Remarkably improved photocatalytic hydrogen evolution performance of crystalline TiO2 nanobelts hydrogenated at atmospheric pressure with the assistance of hydrogen spillover

Abstract

The unusual photocatalytic performance of hydrogenated black TiO₂ has aroused worldwide interest. However, hydrogenation of well-crystallized TiO₂ is always thought to be difficult even under rigorous conditions. In the present work, crystalline TiO₂ nanobelts were successfully hydrogenated at atmospheric pressure and middle temperature (340–700 °C) in diluted H₂ (8 vol% H₂/N₂) with the assistance of the hydrogen spillover effect by loading Pt nanoparticles onto the surface. The as-hydrogenated TiO₂ (denoted as Pt-Belt) exhibited 6–10 times higher hydrogen evolution rates than that of untreated ones. Compared with pristine TiO₂, the Inverse Fast Fourier Transform (IFFT) on the HRTEM image clearly revealed the formation of a surface disordered shell on Pt-Belt. Moreover, density functional theory (DFT) calculations also have shown that the loading of Pt nanoclusters promotes the formation of surface oxygen vacancies efficiently. The positron annihilation spectroscopy, EPR and EXAFS results indicated that the bulk phase defects in Pt-Belt decreased while the surface defects increased.

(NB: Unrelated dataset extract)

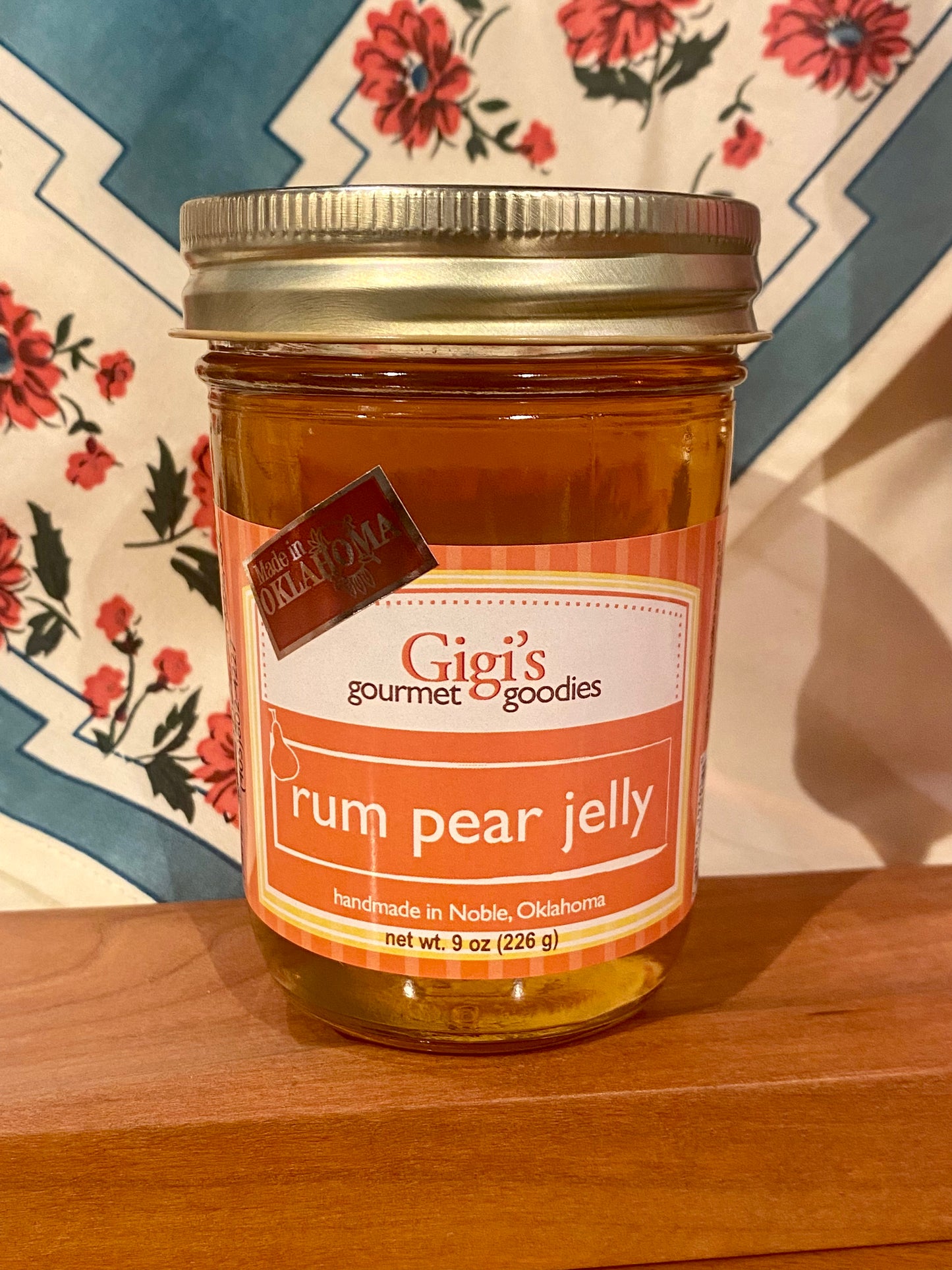 Gigi's Jellies 9 oz.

It is noteworthy that the formation of surface defects and the decrease of bulk phase defects occurred simultaneously, especially at higher hydrogenation temperature. As a result, the transfer and separation of e⁻–h⁺ pairs were greatly promoted. All the characterization results accounted well for the greatly improved catalytic performance of hydrogenated black TiO₂.